Reports suggest that Lord Rothermere, proprietor of Evening Standard publisher Associated Newspaper, has held talks with Observer editor Roger Alton about the post, as the paper's circulation fell to 418,045 from 439,098 last month.
In the national daily tabloid sector, the new upmarket Daily Mirror was the only UK title to increase its circulation after it beat rivals The Daily Mail and The Sun to the Paul Burrell interview, following his trial over items he held that belonged to Diana, Princess of Wales.

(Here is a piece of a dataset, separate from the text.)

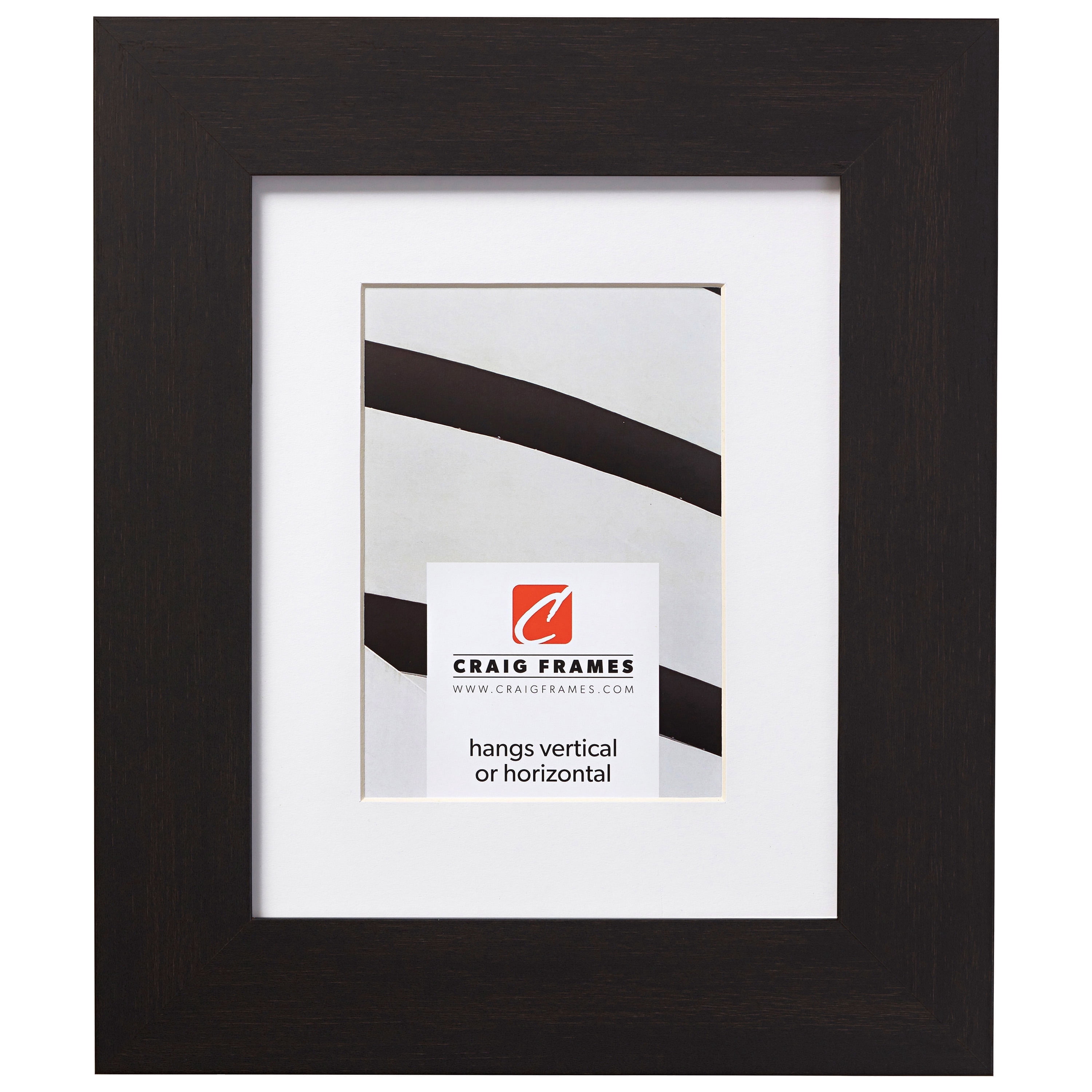 Craig Frames Bauhaus 200, 18x24 inch Black Coffee Picture Frame Matted for a 12x18 Photo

The Daily Mirror added 2.53% to its circulation, bringing its average circulation for November to 2,148,058. This did not stop shareholders in parent Trinity Mirror calling for it to be sold off. The Sun fell 1.97% to 3,541,198 and mid-market rival The Daily Mail lost 0.68% to record a circulation of 2,420,301.
From Richard Desmond's stable, The Express was down just 0.18% to 988,136, however, this is a dramatic increase of 8.89% on November 2001's figure of 859,366. Its tabloid sister title The Daily Star fell 1.72% to 736,186.
Among the daily broadsheets, there was very little movement as figures settled down after October's price rises.
The Daily Telegraph fell 0.76% to 972,596; the Financial Times dipped 0.02% to 451,790; and The Guardian was down 0.04% to 404,801. The Times was up 0.13% to 688,480 and The Independent was down 0.1% to 221,597.
Among the Sunday tabloids, The People was showing signs of being hit by the launch of Desmond's Daily Star on Sunday. The People fell 2.64% to 1,170,528, as the Star on Sunday also dropped, falling 4.19% to dip under the half-million mark to 499,912. The News of the World fell 0.63% to 3,979,216, while the Sunday Mirror rose 0.24% to 1,701,469.
In the broadsheet market, The Sunday Times began to reap the benefits of its redesign with extra sections and a revamped glossy Style magazine, rising 3.15% to 1,442,519 despite increasing its price to £1.40.
Its nearest competitor the Sunday Telegraph fell 1.3% to 781,416, while the Independent on Sunday nose-dived 4.04% to 219,095.
The Observer under Alton rose again, moving up 0.13% to 489,353 as the ongoing efforts to increase its offering pays off.